HH: Each of those seasons had quite a story behind the record too. In 2015, we went 9-7 and made the playoffs largely due to the collapse of our division (an injured Tony Romo dragged the Cowboys to the gutter, as did an imploding Chip Kelly for the Eagles). Last year, we were 6-3 and leading our division when Alex Smith went down (along with several other key players), ending up in a 7-9 season. No matter what happens, we can’t seem to escape mediocrity with Jay. There have always been excuses and reasons to think next year will be better, but after 5 years, fans are ready for a change.

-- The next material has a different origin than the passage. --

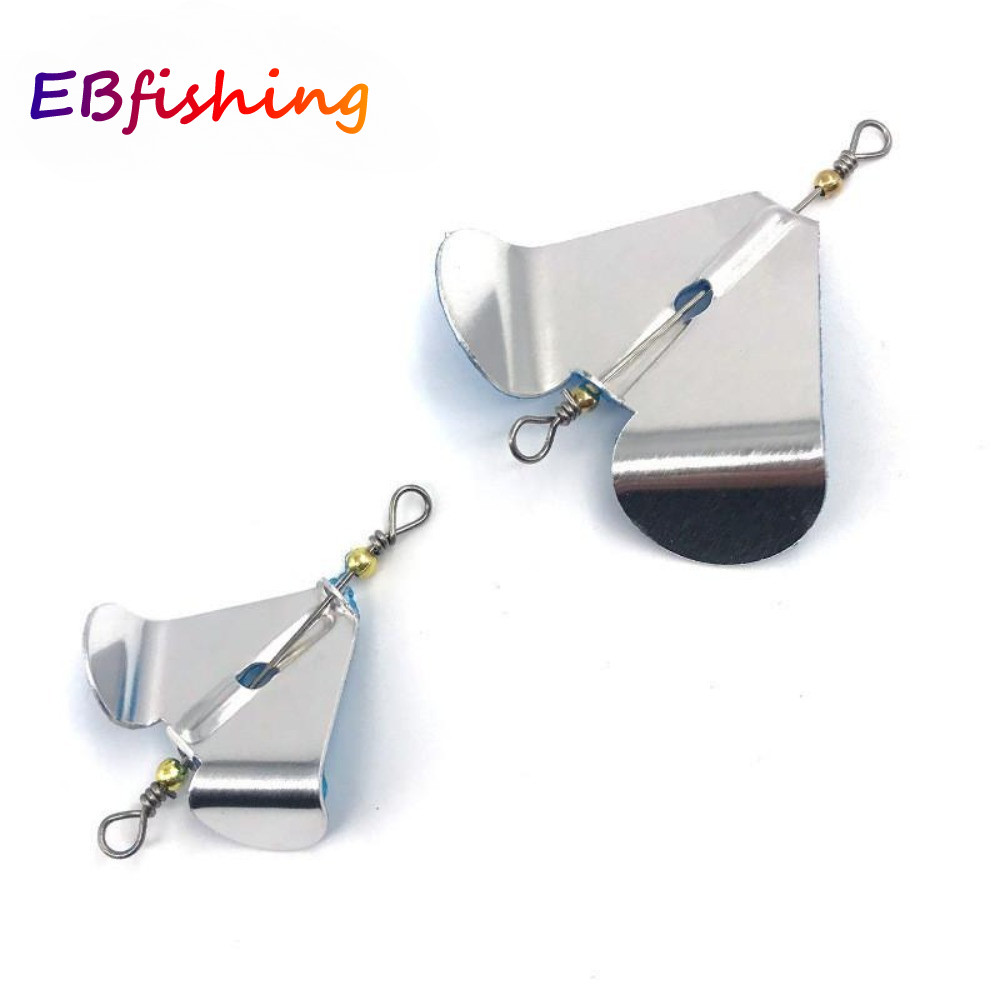 อุปกรณ์ตกปลาระบบ Spinner Minnow VIB ขนาด 4.5/5 ซม. ทำจากวัสดุคอมโพสิตเลื่อม พร้อมฟังก์ชัน Water Blocking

Jay seems to feel the pressure too, and has displayed a bit of gallows humor at press conferences, joking that he doesn’t have to worry about being on Hard Knocks next year because either we’ll make the playoffs (and hence exempt) or he’ll be out of a job. I think there are only two conditions where Jay’s job is secure: the team makes the playoffs, or Dwayne Haskins looks so good when he finally sees the field that the FO (front office) is convinced Jay is the right person to guide his development.

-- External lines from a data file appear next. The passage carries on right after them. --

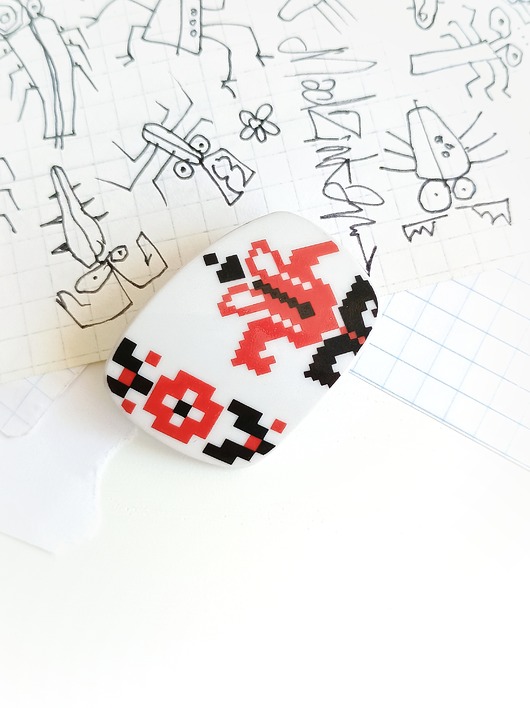 broszki Broszka w ukraińskie wzory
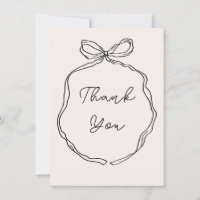 Carte de remerciements de bordure en ruban lunaire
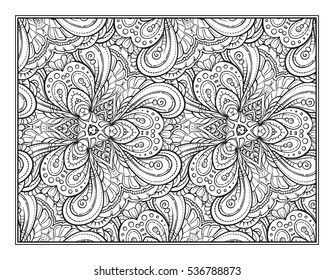 Vector abstract pattern page for antistress coloring
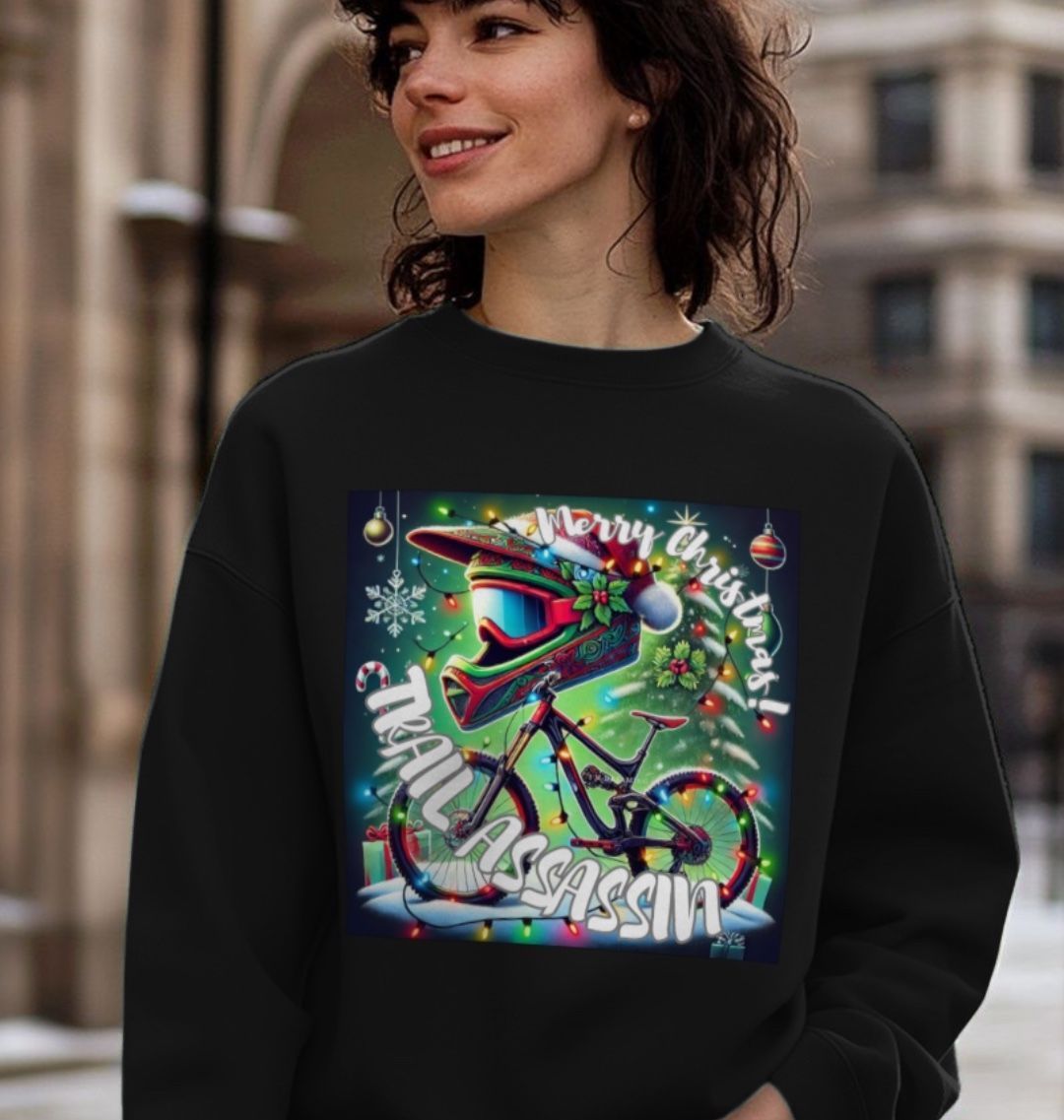 Ladies Oversized Sweater “MERRY CRANKMAS”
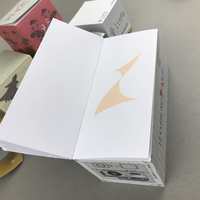 Conteneur d'expédition personnalisé, mini palette en bois écologique avec support pour blocs de notes adhésives, blocs de recharge pour mémo 3D en forme de cube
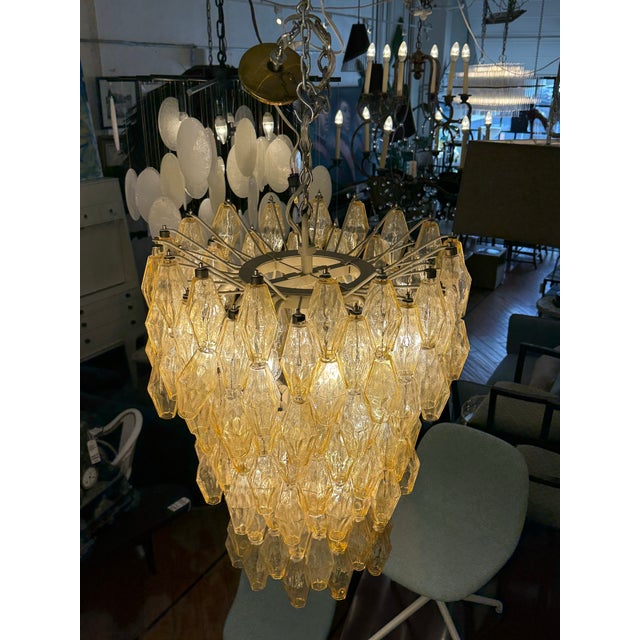 1960s Carlo Scarpa for Venini Polyhedral Chandelier For Sale - Image 5 of 12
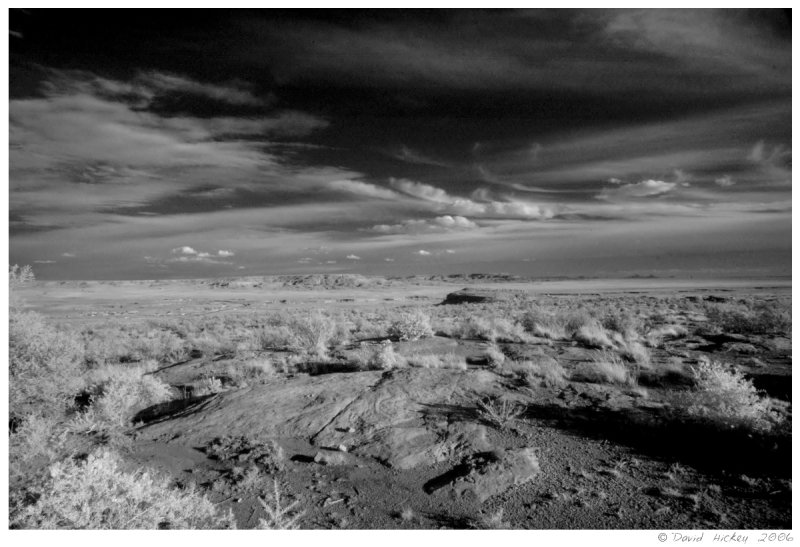 Infrared14 Desert scene, Red Lake, Arizona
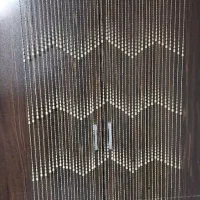 پرده مهره ای رنگ نخودی نونو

As a fan, I think that’s the right call too. We’ve seen enough of Jay to know that although he does have many strengths as a head coach, he also has many flaws that seem to limit his ceiling. He reminds me a bit of Marvin Lewis, who also inherited a dumpster fire of a team and guided it to sustained mediocrity, but was never able to get it past that hump. We don’t want to end up like the Bengals, with 16 years of respectable season records, but no playoff wins to show for it.

WCG: I was struck by how little I knew about Washington’s defenders when watching the games (Jon Bostic is the MLB!). Everyone knows (or should know) mercurial corner Josh Norman, newly acquired safety Landon Collins, and stalwart linebacker Ryan Kerrigan, but is there anyone else Bears fans should be worried about? What does this unit do well?

HH: Washington runs a 3-4 defense, and 4 of the players in our front 5 are 1st round picks. That includes OLBs Ryan Kerrigan and rookie Montez Sweat, as well as DE/DT Jonathan Allen and DT/NT Daron Payne. If you had asked me two weeks ago what we do well, I would have said stopping runs up the middle and pressuring the QB with our front 5. However, the unit has looked out of sorts through the first 2 games. Part of it is due to Jonathan Allen getting injured early in week 1, but the rest is inexplicable. Jonathan Allen’s injury is day-to-day, and could be cleared in time to play the Bears. Outside of those four, DE/DT Matt Ioannidis was also very productive last year, and 5th round rookie ILB Cole Holcomb has played his way onto the starting roster and made a big impact in the first few games.

The other big story is the injuries to our secondary. Two of our starting CBs (Quinton Dunbar and Fabian Moreau) will likely be sidelined with injury on Monday, and two more DBs (Dominique Rodgers-Cromartie and FS Montae Nicholson) will be playing through injury. We’ve had several breakdowns in our secondary that seem at least partially due to miscommunication and new people playing together.

WCG: What does the script look like for a Washington win in this one?

HH: Honestly, most of the team just needs to play better than it has the last 2 weeks and play up to the level of its talent for a full game. Both weeks we have come out looking fairly dominant in the first quarter, only to inexplicably fall apart after that. If we can play an entire game the way we’ve played the first quarter, I think we’ll win. On defense, DL and LBs need to maintain gap integrity, the secondary needs to be on the same page and communicate well, and the pass rushers need to actually cause pressure around the edge.

On offense, the OL needs to somehow stay stout against a fierce Bears DL and open up holes to get our run game going. The OL has performed well in pass protection so far, but terrible in run blocking. Case Keenum needs to continue to hit open receivers while avoiding risky throws (he’s been pretty lucky with some near-INTs so far). The team needs to stop committing penalties, which have been killing drives and giving opposing teams more chances to score. Also, we need to stay healthy. Injuries have been decimating the team not just the last 2 weeks, but for the last several years. Staying healthy and getting some of our injured players back for this game would be a huge deal.

Thank you to Andrew and Hogs Haven for the info!